Rating: 4 (of 5)
Now that all three of the principal trio have been established, episode 3 gets down to the business of working on Loid’s mission. This reveals three things:
- Loid has no idea how to rely on other people to get things done, and is going to have a hard time adjusting to circumstances where he cannot completely control the behavior of others.
- Yor has a thing for cutting implements that goes beyond just her job as an assassin and is, frankly, a little disturbing.
- Anya doesn’t just steal nearly every scene that she’s in; she can also direct or upend the flow of any scene just by being a 5-year-old. (Or however old she actually is.) And neither adult has the faintest clue that at least some of the time she’s doing this deliberately; in fact, one of the episode’s most ironic moments comes when they see Anya’s scrawling depiction of what’s going on with her parents and completely mistake it for having to do with the spy cartoon she watches – since of course a 5-year-old couldn’t really know what’s actually going on, right?
This combination of elements percolating together helps make the series’ third episode fully entertaining despite it having the lowest action content so far (and by a wide margin, too); really, the only thing which could count as an action scene is the brief chase-down of the purse snatcher, and that seems more like an acknowledgement that it’s not a proper spy show without at least some action rather than a core plot element. The trio look good together and play off each other well, to the point that they would be convincing as a family even if they weren’t pretending; the scene featured in the screen shot above shows that there may be more chemistry building between Loid and Yor than either probably cares to admit.
The episode gets its other little details working, too. The miserable efforts to train Anya and Yor for the school interview make for solid comedy, while the crowd scene simultaneously shows both that the environment in which the story take place has some decidedly unstable and potentially dangerous elements afoot and that Anya’s vulnerability as a young telepath is getting overwhelmed in crowd scenes. (This has long been acknowledged as a main problem to overcome for young telepaths in comic book stories, so such a revelation is wholly expected.) The series may lean towards the fun side, but darker elements are only a short distance away.
In all, this is a somewhat weaker episode, but it would be hard to constantly keep up with the first two. I have no doubts that a lot more sparks have yet to fly.

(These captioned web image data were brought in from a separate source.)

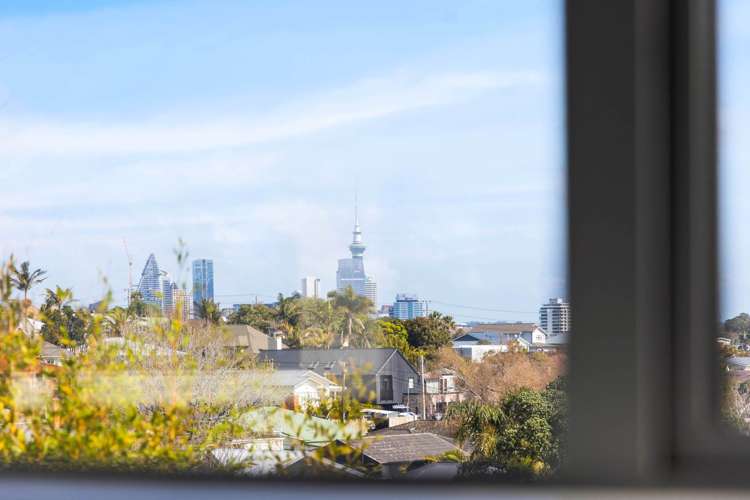 40 Regent Street Devonport_17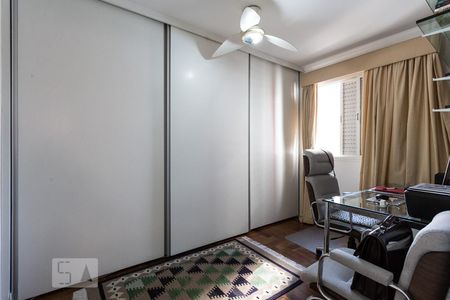 Apartamento para alugar com 152m², 3 quartos e 2 vagasQuarto 2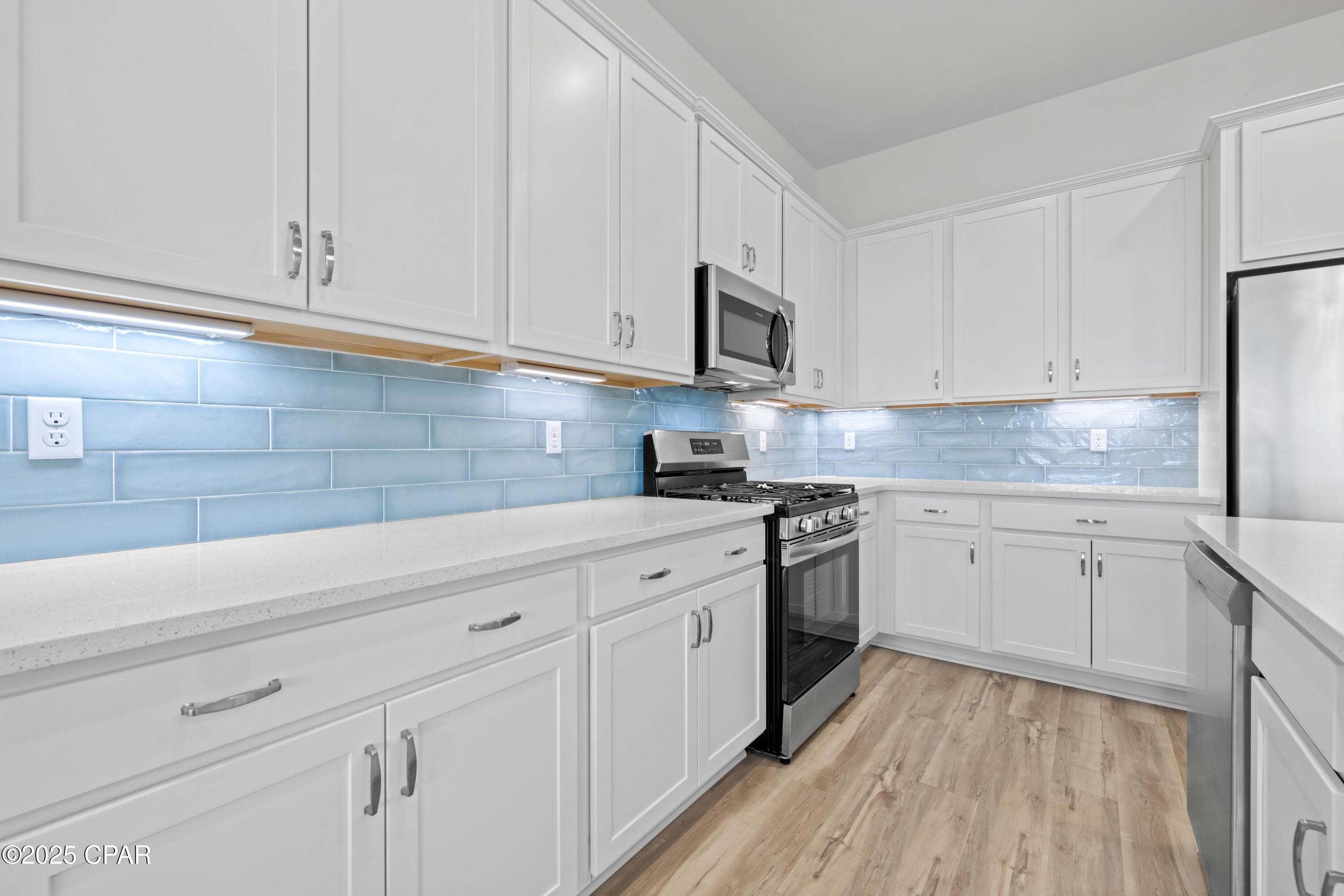 Jgvm_gxea0rzqizvz_oayvqrivs5cgxjwfayw4etvxq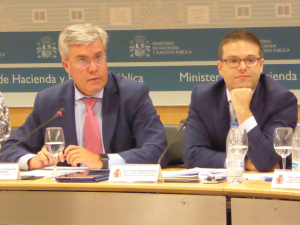 D. José Enrique Fernández de Moya Romero (​​Secretario de Estado de Hacienda) y D. Juan Espinosa García (Director General de Ordenación del Juego)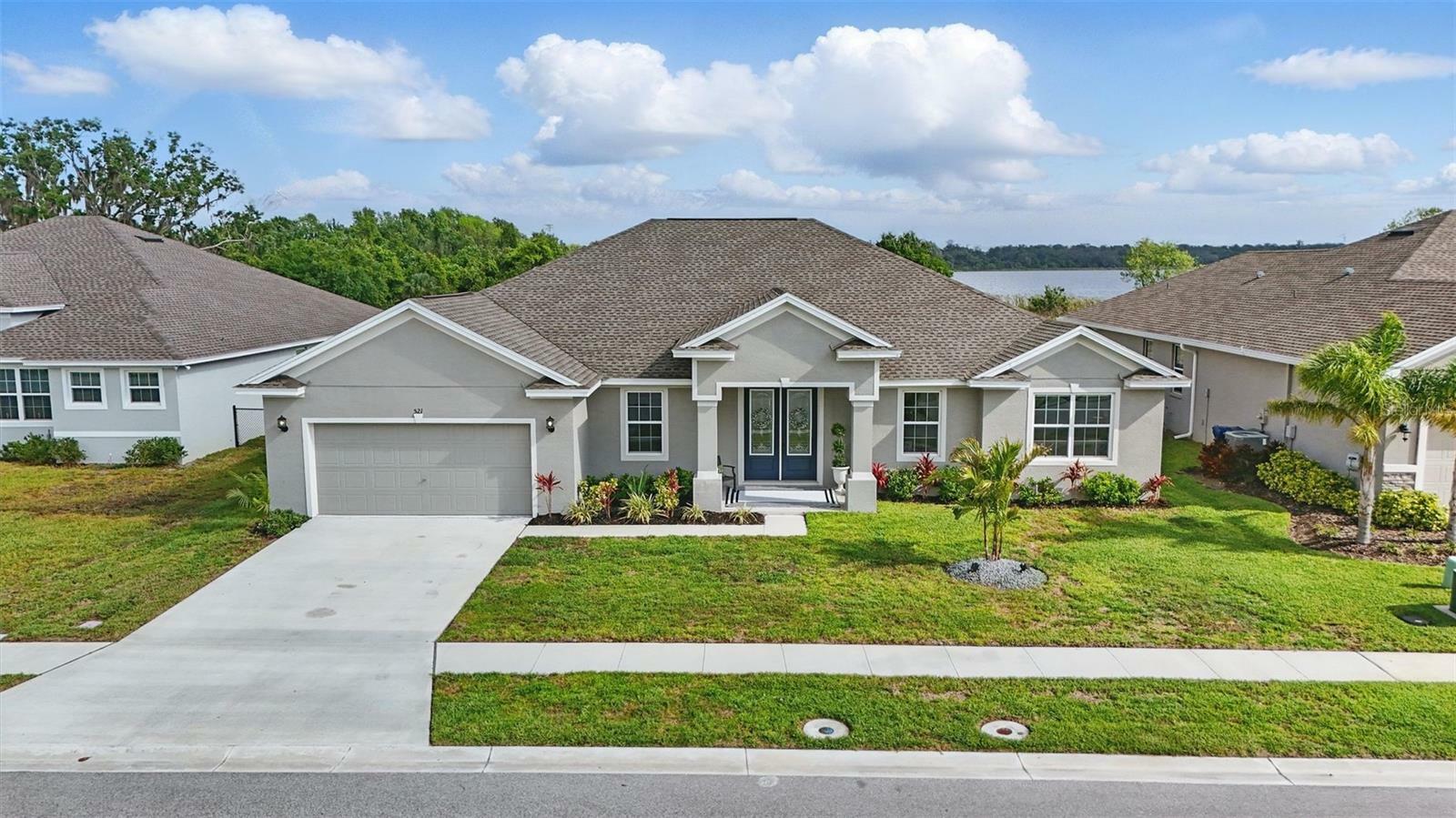 Property Photo: 521 Sanctuary Boulevard FL 33881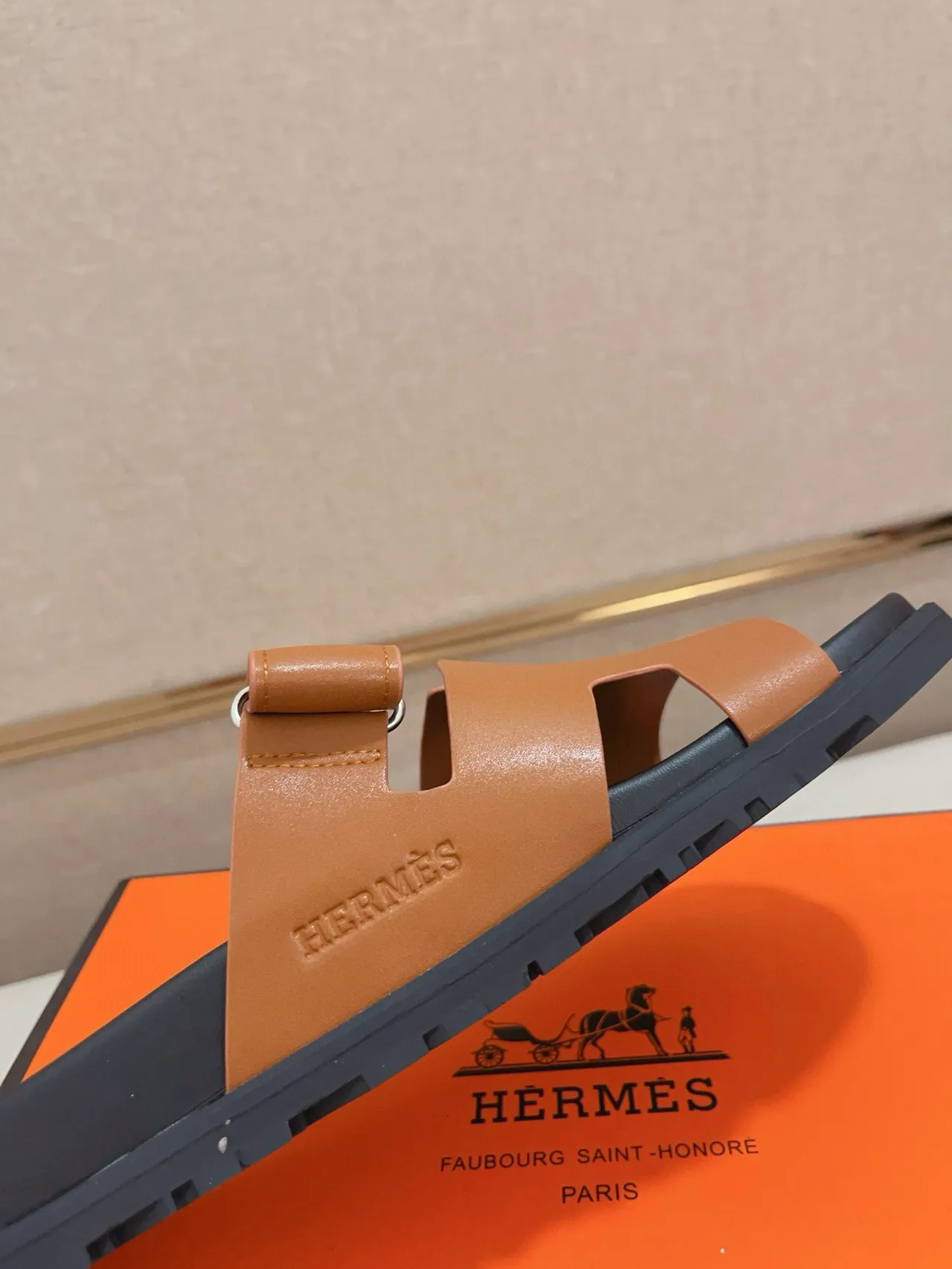 Hermès Oran sandales casual en cuir marron et caoutchouc noir 6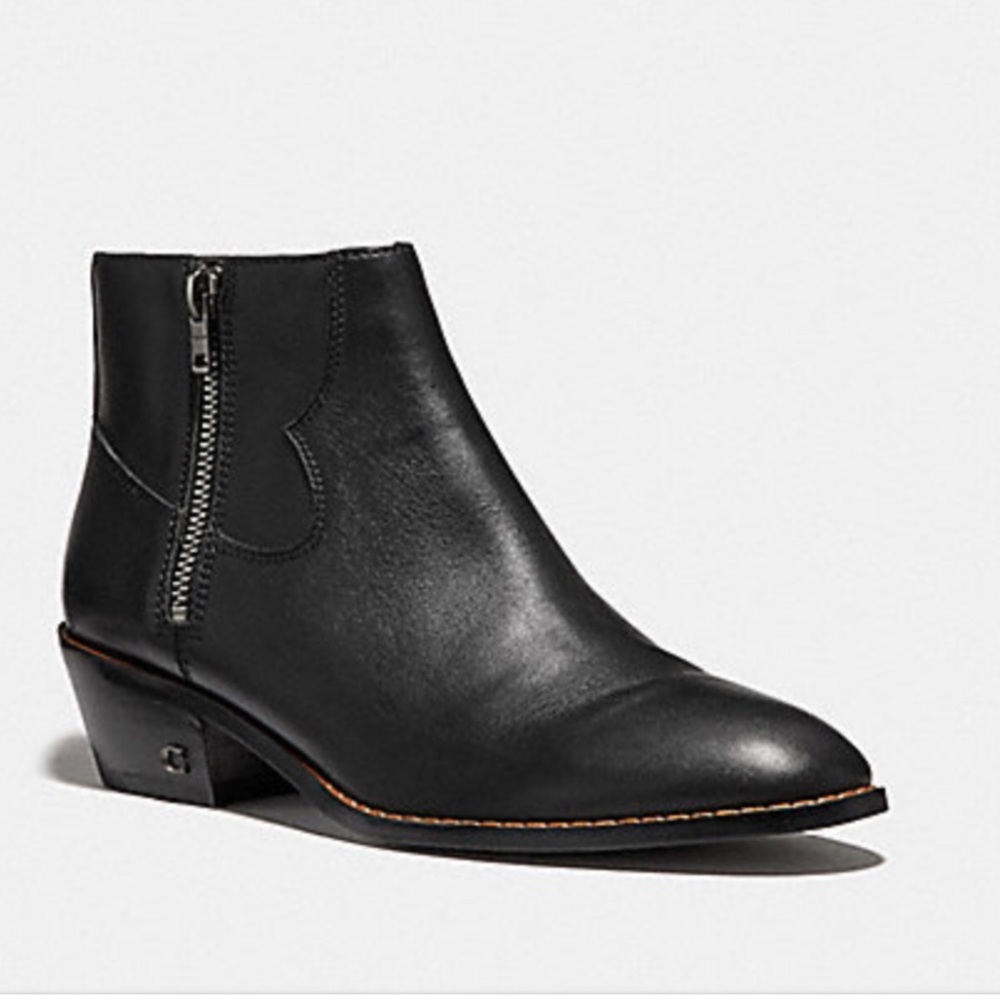 🆕 🎉HP🎊 LAST PAIR! Coach Dani Booties. Leather.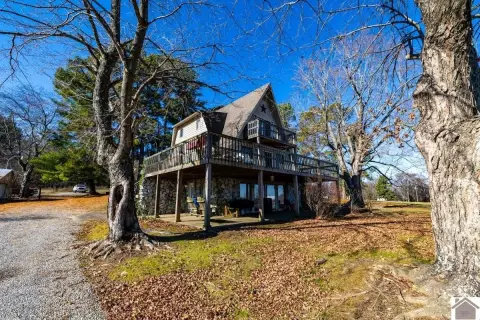 Kentucky Hunting Tract with Residences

I think the reason Anya chews up scenery is that they took her age seriously and actually crafted her actions accordingly, and what could be more hilarious than a 5? year old telepath becoming part of the spy world she knows so well … from TV cartoons (although my favorite scene this show was when she was reading Yor’s mind about her little brother and his ribs and goes from a smile to cowering in a second, again, so appropriately child-like).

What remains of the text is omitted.